The traditional Critical Focus Zone must be commended for laying the foundations for the analysis of the sensitivity of the effects of focus to small movements of a focuser draw tube.
What follows calls into question the original results of the Critical Focus Zone, but does not question the basic principle that focus is amenable to theoretical analysis for the practical benefit of astronomers, astroimagers, and astrophotographers. The following should be viewed as moving the theory of the traditional Critical Focus Zone to the next, more advanced stage of understanding, as has been done with the New Critical Focus Zone. It is a natural progression to build upon the foundations given to us by the traditional Critical Focus Zone, for which we should be grateful.
The basic foundation of the traditional Critical Focus Zone is that when at perfect focus, very small changes in focus do not degrade image quality in any significant way.
The traditional form of the Critical Focus Zone states that when the defocus of a point source of light is smaller than the first dark diffraction ring of the Airy disk, then that defocus will not be measureable in an image.
The traditional Critical Focus Zone is the range of travel on the focuser draw tube within which the defocus of a point source of light is smaller than the first dark diffraction ring of the Airy disk. The traditional Critical Focus Zone (denoted CFZ) is given by the formula:
CFZ = 4.88 · λ · f 2
CFZ
- Traditional Critical Focus Zone (micrometers)
λ
- wavelength of light (micrometers)
f
- effective imaging system f/ratio (unitless)
4.88
- constant (unitless)
Important Note:
For those readers interested in using the CFZ formula, CFZ has been
superseded by the
New Critical Focus Zone.
The derivation of the formula is fairly simple when it is considered in the following way:
CFZ = 2 · (2.44 · λ · f) · f
The diameter of the first dark diffraction ring of the Airy disk is 2.44·λ·f, which is the middle term above. The f/ratio f, the last term above, scales the physical linear size of the first dark diffraction ring on the CCD imaging surface to the travel distance of the focuser draw tube. The factor of 2, the first term above, doubles the travel distance because the defocus can be either in or out by that amount.
The first fallacy of the traditional Critical Focus Zone is the premise that a defocused image the size of the first dark diffraction ring of the Airy disk cannot be measured.
By the definition of the telescope diffraction limit and Critical Sampling (see the image at the right), both of which are very well established and widely accepted, any image detail greater than the FWHM of the Airy disk is measurable.
The FWHM of the Airy disk is 1.02·λ·f whereas the diameter of the first dark diffraction ring is 2.44·λ·f. The diameter of the first dark diffraction ring of the Airy disk is over twice as large (by a factor of 2.44 / 1.02) as the FWHM of the Airy disk and therefore anything defocused to that size must be measurable. The premise that it is not measurable is a direct contradiction to the definitions of the diffraction limit of a telescope and Critical Sampling.
In all likelihood, the use of the 2.44 factor in the traditional Critical Focus Zone formula was an accidental error in the beginning which has now been perpetuated by unquestioning repetition.

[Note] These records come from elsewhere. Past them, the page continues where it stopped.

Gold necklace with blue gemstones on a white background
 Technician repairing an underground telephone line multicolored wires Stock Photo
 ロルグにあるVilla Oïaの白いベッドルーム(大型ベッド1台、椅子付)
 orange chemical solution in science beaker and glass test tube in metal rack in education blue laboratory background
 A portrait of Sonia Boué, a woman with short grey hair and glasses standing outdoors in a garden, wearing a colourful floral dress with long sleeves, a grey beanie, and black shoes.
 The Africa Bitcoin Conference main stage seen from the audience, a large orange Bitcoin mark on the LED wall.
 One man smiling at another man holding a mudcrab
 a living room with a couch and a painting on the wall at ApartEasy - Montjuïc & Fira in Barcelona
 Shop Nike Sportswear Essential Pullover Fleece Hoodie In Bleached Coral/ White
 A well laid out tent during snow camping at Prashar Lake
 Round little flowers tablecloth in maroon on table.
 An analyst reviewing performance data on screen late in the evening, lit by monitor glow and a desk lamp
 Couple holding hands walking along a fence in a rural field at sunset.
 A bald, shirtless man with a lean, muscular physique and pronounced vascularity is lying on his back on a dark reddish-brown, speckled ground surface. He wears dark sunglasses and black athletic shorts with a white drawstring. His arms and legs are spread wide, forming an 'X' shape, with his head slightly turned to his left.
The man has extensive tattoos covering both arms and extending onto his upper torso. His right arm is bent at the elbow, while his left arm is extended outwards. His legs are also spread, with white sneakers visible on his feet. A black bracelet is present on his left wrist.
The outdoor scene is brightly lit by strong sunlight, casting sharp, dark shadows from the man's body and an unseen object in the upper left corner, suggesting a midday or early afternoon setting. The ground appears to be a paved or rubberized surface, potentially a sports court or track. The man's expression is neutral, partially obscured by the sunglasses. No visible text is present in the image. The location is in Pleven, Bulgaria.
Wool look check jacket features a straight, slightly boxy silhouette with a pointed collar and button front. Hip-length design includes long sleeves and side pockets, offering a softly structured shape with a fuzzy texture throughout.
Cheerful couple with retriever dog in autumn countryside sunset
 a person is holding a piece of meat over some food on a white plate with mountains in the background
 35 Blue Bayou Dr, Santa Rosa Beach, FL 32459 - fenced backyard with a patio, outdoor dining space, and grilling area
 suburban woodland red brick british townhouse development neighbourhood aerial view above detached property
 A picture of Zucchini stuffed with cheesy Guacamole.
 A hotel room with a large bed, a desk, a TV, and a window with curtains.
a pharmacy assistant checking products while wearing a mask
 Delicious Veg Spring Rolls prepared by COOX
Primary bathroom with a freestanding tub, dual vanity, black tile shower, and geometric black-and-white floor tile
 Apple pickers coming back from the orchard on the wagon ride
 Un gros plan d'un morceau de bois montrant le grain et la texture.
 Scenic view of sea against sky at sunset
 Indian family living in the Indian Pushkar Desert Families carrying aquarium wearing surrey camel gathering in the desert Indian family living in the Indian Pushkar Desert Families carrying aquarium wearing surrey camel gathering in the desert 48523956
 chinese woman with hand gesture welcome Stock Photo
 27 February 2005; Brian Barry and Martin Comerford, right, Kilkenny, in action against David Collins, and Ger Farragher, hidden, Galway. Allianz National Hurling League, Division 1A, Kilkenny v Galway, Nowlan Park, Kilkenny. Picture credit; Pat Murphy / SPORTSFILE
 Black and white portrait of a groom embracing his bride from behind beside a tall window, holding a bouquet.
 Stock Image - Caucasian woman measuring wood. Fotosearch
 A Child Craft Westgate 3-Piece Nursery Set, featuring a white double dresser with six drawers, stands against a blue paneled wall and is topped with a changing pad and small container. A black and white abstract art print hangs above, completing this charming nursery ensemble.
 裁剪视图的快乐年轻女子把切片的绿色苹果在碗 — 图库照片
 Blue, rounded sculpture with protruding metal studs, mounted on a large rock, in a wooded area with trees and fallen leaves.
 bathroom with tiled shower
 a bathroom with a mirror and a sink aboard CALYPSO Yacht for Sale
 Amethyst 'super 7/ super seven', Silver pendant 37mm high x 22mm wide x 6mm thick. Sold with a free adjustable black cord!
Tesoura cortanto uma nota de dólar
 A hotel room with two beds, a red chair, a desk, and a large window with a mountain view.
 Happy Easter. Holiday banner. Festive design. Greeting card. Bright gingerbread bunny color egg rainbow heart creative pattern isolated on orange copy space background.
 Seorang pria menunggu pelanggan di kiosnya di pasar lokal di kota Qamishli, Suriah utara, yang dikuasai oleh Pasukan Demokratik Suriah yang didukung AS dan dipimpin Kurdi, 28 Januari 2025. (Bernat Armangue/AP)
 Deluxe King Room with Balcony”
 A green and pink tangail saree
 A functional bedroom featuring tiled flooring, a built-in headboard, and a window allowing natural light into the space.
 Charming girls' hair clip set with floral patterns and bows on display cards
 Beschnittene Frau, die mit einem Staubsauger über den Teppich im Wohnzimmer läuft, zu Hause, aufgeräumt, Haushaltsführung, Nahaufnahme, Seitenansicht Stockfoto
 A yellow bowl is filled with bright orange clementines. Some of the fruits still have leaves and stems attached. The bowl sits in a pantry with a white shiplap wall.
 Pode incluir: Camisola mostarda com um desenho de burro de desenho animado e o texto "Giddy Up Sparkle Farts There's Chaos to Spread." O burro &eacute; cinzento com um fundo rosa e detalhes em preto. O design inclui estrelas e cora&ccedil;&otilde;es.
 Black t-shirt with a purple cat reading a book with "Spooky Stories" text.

The second fallacy of the traditional Critical Focus Zone is that a point source of light is being defocused.
In any imaging system with a circular aperture, any defocus applies to the Airy disk and not to a point source of light.
The defocus of an Airy disk always produces an image larger and more spread than the Airy disk itself.
Defocus by the amount described by the traditional Critical Focus Zone will produce an image of the Airy disk with a FWHM over 2.2 times greater that the original Airy disk, as shown in the image to the right.
The defocused Airy disk image is therefore greater than the minimum required for measurement by the diffraction limit of the telescope and Critical Sampling by a factor of over 2.2 times and, in reality, is very severely out of focus.
Either of these two fallacies is sufficient to invalidate the formula for the traditional CFZ.
The first fallacy of the traditional Critical Focus Zone is a clerical error which could be easily remedied. However, the second fallacy of the traditional Critical Focus Zone is considerably more complex to remedy.
The difference between defocusing a point source of light, as assumed by the traditional Critical Focus Zone, and defocusing an Airy disk, as required by the actual circumstances, is a very significant difference. Fortunately, the analysis of a defocused Airy disk is one special case of the Extended Nijboer-Zernike theory - literally what the theory was designed to do.
Furthermore, although the analysis of diffraction limited cases is always the starting point of any analysis of imaging systems, the inclusion of astronomical seeing in the analysis would have practical benefit to astronomers and astroimagers. The traditional Critical Focus Zone does not address astronomical seeing in any way. The inclusion of astronomical seeing with the required defocus of an Airy disk goes a step beyond even the Extended Nijboer-Zernike theory in its complexity.
GoldAstro has undertaken research into a replacement for the traditional Critical Focus Zone. The results of that research are the New Critical Focus Zone.